Recharge Your Batteries
If the problem is a limited supply of mental energy, and obvious solution would be finding a way to “recharge.”
The most important way to do this is by getting enough sleep. Go to bed on time. Wake up on time. Develop good sleep hygiene. Take a nap if you need to.
There are other ways to recharge your batteries as well.
If you spend a lot of time focusing on your work, you need to counterbalance with creating time to let your mind wander.
Now, the problem we face is that this doesn’t mean you just need to take a break. Most of the time when people take a break from work, their phone comes out. This is exactly what you don’t want. When your phone is out, your attention is not free to wander, it’s captures and divided by a shining glowing rectangle. Your phone keeps you locked into a counter-productive reactive mode: too shallow to be of any use, but too distracted to relax.

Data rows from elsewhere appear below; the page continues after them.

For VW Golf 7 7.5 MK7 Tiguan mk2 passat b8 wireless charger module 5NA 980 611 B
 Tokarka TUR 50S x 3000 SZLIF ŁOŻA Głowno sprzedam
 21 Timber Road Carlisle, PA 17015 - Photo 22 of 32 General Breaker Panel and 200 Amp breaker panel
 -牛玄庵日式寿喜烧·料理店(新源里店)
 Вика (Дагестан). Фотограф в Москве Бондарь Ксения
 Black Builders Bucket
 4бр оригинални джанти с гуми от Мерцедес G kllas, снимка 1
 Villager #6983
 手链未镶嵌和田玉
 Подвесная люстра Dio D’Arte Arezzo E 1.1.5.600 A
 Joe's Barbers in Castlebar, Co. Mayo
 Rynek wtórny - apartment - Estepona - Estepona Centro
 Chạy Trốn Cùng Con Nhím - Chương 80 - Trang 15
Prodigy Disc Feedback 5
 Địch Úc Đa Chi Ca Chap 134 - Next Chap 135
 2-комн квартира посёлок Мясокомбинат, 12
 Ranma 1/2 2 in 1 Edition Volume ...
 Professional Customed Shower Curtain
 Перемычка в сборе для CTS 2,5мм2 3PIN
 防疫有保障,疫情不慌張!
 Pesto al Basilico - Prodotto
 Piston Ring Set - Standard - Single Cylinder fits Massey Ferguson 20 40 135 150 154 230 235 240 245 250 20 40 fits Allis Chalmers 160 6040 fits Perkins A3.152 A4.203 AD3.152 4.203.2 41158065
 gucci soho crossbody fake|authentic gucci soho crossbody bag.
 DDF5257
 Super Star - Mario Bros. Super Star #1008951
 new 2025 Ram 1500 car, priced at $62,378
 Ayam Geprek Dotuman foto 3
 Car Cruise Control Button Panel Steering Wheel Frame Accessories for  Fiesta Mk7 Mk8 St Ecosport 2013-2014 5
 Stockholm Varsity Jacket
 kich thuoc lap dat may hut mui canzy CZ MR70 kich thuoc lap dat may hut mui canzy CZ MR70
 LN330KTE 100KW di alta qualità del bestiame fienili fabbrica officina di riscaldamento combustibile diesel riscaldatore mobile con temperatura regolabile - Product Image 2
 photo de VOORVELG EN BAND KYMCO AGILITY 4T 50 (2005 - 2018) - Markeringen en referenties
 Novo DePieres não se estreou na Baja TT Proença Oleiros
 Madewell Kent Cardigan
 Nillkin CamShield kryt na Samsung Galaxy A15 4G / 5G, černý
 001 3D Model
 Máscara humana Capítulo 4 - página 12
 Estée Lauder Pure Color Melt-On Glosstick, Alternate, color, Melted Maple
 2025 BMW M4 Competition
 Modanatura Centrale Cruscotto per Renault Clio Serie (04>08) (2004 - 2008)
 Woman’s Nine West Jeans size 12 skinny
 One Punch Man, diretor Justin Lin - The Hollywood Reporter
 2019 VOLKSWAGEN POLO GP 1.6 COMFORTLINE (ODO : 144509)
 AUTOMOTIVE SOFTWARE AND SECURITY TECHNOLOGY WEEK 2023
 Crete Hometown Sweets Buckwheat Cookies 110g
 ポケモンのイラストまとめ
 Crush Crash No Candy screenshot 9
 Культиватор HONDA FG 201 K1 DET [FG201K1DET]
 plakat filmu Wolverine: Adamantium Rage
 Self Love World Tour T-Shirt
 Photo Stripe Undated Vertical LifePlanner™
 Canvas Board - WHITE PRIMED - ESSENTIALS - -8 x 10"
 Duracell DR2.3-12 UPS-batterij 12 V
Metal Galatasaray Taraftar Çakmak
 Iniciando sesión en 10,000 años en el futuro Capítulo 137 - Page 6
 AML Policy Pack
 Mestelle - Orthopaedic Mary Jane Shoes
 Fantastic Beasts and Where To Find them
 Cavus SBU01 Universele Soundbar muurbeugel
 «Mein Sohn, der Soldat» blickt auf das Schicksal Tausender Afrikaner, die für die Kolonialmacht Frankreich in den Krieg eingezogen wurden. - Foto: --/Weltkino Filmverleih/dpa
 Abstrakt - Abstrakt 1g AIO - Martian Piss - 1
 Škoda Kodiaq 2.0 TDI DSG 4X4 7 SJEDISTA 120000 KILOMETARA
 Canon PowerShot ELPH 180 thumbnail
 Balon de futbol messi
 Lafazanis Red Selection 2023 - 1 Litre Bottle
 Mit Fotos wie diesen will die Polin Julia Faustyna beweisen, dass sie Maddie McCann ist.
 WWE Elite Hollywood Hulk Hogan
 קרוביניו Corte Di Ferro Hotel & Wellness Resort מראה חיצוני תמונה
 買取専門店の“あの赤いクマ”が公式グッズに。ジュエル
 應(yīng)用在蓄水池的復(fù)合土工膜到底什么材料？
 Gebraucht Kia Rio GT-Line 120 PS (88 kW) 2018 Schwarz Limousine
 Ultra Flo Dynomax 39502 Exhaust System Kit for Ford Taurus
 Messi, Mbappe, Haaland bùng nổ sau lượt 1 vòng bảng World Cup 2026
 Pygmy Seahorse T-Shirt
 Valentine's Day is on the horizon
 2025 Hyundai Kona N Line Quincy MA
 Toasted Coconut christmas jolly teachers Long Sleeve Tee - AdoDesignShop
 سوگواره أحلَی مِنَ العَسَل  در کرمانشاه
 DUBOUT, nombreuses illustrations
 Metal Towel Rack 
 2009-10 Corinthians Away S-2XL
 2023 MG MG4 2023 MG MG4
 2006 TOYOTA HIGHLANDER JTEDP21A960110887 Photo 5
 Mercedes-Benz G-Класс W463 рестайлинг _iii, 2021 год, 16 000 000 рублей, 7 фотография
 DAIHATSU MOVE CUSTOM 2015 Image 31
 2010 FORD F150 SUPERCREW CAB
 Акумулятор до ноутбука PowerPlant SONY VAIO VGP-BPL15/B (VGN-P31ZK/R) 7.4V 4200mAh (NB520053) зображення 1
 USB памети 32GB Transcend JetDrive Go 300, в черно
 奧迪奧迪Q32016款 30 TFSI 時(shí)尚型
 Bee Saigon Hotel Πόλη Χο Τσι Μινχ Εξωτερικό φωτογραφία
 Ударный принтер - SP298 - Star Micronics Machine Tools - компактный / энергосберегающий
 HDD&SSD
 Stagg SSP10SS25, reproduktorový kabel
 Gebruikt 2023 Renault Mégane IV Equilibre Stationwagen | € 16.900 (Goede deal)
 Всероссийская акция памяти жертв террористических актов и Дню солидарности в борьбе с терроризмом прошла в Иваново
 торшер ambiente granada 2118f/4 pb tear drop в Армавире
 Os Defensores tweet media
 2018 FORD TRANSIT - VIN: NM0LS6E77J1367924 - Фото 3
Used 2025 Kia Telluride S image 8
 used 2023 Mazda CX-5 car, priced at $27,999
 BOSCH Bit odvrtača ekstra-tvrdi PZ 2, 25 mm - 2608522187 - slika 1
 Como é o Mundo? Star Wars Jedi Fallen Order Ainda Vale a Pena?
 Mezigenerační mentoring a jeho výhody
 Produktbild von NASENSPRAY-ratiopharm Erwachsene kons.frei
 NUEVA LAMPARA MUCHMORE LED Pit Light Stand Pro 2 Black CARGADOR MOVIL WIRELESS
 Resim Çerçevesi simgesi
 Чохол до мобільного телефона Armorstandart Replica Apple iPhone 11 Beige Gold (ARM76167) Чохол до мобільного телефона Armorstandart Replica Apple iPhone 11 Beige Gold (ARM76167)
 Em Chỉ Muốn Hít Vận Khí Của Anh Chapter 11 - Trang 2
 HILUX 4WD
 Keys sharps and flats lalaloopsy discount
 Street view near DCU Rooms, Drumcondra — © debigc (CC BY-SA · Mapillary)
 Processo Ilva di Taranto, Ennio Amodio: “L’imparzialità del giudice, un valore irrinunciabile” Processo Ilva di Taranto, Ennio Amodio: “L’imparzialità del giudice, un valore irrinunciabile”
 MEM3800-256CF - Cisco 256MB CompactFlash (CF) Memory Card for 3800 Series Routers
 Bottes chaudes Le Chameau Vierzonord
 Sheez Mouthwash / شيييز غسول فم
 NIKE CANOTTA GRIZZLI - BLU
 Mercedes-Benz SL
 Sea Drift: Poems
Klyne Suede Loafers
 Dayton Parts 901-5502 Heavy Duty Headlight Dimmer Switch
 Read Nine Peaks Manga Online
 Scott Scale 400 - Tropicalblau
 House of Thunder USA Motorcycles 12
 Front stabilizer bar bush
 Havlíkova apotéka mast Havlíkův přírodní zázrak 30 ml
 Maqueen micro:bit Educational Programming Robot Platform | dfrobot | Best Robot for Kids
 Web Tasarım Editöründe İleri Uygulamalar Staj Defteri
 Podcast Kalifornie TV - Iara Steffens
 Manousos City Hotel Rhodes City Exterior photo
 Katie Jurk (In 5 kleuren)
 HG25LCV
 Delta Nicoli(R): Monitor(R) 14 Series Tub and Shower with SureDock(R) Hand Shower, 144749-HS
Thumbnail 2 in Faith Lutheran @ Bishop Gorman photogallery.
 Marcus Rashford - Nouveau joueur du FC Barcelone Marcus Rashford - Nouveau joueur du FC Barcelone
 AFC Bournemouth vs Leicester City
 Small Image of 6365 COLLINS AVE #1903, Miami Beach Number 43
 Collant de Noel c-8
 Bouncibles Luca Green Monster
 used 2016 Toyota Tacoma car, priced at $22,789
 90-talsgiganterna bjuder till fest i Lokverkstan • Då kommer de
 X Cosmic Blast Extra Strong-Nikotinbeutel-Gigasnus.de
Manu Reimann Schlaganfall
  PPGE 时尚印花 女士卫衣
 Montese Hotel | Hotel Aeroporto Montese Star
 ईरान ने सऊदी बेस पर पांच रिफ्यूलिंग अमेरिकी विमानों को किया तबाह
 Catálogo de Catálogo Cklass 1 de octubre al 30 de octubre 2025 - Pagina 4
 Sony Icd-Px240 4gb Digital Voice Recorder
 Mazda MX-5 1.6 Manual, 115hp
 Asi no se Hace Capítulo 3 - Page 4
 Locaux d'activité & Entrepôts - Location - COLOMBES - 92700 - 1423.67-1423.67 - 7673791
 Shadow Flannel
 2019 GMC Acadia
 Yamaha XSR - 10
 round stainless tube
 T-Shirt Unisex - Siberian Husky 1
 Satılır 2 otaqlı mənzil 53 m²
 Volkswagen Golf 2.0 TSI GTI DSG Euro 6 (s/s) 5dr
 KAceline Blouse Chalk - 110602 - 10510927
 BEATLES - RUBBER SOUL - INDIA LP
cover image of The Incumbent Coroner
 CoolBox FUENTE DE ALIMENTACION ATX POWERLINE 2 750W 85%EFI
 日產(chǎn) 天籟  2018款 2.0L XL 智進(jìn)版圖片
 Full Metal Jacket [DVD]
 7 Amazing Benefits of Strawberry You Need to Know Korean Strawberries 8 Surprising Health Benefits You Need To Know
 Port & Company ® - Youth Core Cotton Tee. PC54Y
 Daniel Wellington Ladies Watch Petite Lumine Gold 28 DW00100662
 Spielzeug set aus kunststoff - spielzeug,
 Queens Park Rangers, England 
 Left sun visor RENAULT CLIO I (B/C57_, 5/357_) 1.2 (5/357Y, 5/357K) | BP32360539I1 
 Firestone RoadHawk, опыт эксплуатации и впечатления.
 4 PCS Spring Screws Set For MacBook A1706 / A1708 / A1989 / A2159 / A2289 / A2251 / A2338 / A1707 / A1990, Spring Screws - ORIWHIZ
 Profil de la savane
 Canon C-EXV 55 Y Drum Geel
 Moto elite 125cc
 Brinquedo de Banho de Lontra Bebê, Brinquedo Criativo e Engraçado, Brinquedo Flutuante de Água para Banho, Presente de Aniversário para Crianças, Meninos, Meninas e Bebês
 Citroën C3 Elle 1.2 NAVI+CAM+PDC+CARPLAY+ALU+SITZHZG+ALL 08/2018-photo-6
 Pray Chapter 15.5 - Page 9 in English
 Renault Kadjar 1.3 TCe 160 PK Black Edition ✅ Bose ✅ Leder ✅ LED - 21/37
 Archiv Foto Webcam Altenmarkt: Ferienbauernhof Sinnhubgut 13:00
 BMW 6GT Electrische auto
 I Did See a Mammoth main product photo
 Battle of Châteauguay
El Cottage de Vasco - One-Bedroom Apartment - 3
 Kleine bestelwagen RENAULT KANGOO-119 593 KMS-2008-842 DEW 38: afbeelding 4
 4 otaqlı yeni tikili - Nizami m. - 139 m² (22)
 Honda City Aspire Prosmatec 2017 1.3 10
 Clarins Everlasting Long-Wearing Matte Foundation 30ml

I’m not saying your phone is bad, I’m just saying there are times when it needs to go away and stay away.
The way to recharge mentally is to let your mind wander, and if you’re not used to it, this can be uncomfortable at first. You have to learn how to enjoy your own company.
The tasks that let your mind wander tend to be routine, manual, and repetitive. These are things you don’t need a lot of brainpower for. Think mowing the lawn, doing the dishes, or going on a walk.
You can “multi-task” during these tasks by listening to an audio book, but you miss the benefit of mental rest. I love listening to enriching audio books and podcasts and will still listen to them during these tasks, just not all the time.
Automate as Much as You Can
The more decisions you have to make, the more mental energy you use up. The more you can automate trivial decisions, the more energy you will have for the things that matter.
Even the most productive people don’t make perfectly efficient use of every second allotted to them.
Time management is important, but time isn’t the biggest bottleneck. How you allocate your mental energy is going to determine how productive you are.